Update: I've found a solution that will work for Pyrus. See my next blog post.
While working on Pyrus, the next generation installer for PEAR, I've been attempting to figure out how to leverage PHP's excellent new libxml-based XML validation to speed up package.xml validation in PEAR. To my great surprise and annoyance, I am starting to believe that this is the wrong thing to do.
Originally, I designed a W3C Schema for package.xml 2.0 using XMLSpy, but found that libxml is unable to handle the schema whatsoever. Instead, with the release of PEAR 1.4.0 I designed a schema validator based on the array functions of PHP and the unserialized array generated by XML_Serializer's XML_Unserializer class. Because this is not an elegant validator of W3C Schema or Relax NG, I called it "stupidSchemaValidate()". This is used to validate the basic structure of the XML level-by-level, and so requires many function calls.

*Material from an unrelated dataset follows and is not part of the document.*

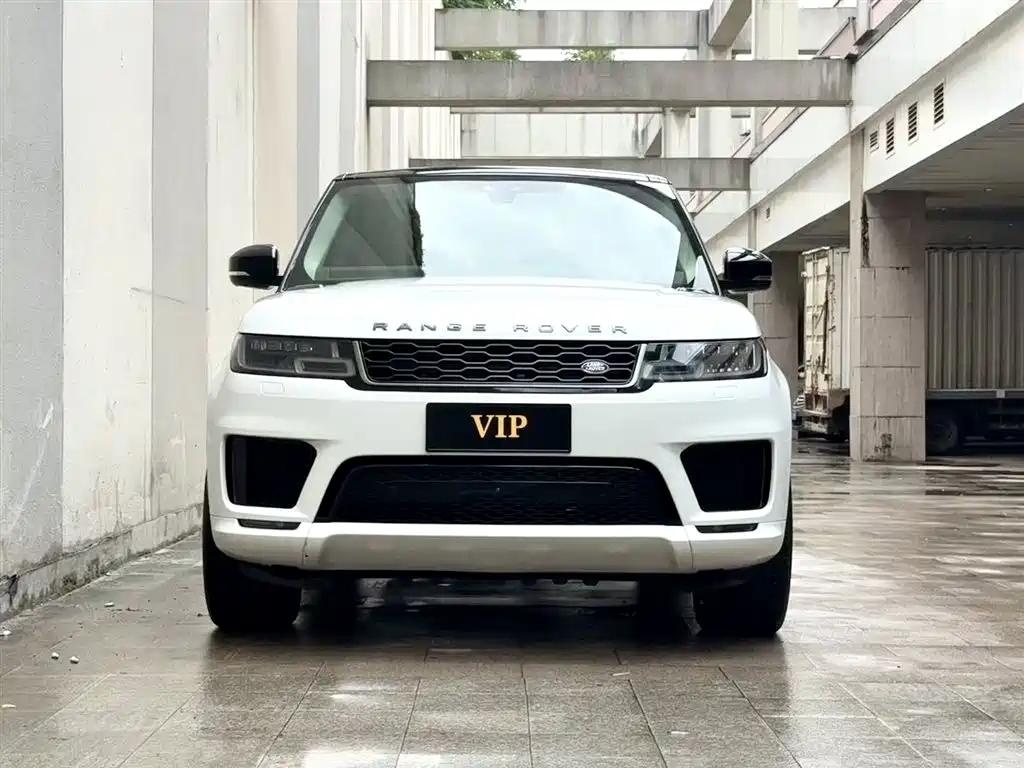 Land Rover Sport 2021 — фото 2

I never considered using DTD because it can't handle namespaces.
Now that I am working on the PHP 5+ implementation of Pyrus, the first thing I thought I might do is create a Relax NG schema that the PHP libxml can handle. After an entire day of fighting with the thing, I've managed to discover more than 10 simple and valid Relax NG schema that simply don't work with the version of libxml distributed with PHP 5.2.3. In addition, with helpful error messages like "Expecting name, got nothing here," even with the use of libxml_use_internal_errors() I find the error reporting to be excruciatingly useless.
With my hacked-together stupidSchemaValidate(), I get wonderfully clear error messages like "unexpected <channel>, expecting one of <version>, <date> on line 23" which make it not just easy but simple to debug broken package.xml formatting.
Is there anyone out there who has had any luck getting a supposedly smart external validation tool to print remotely helpful error messages on validating a complex .xml with PHP?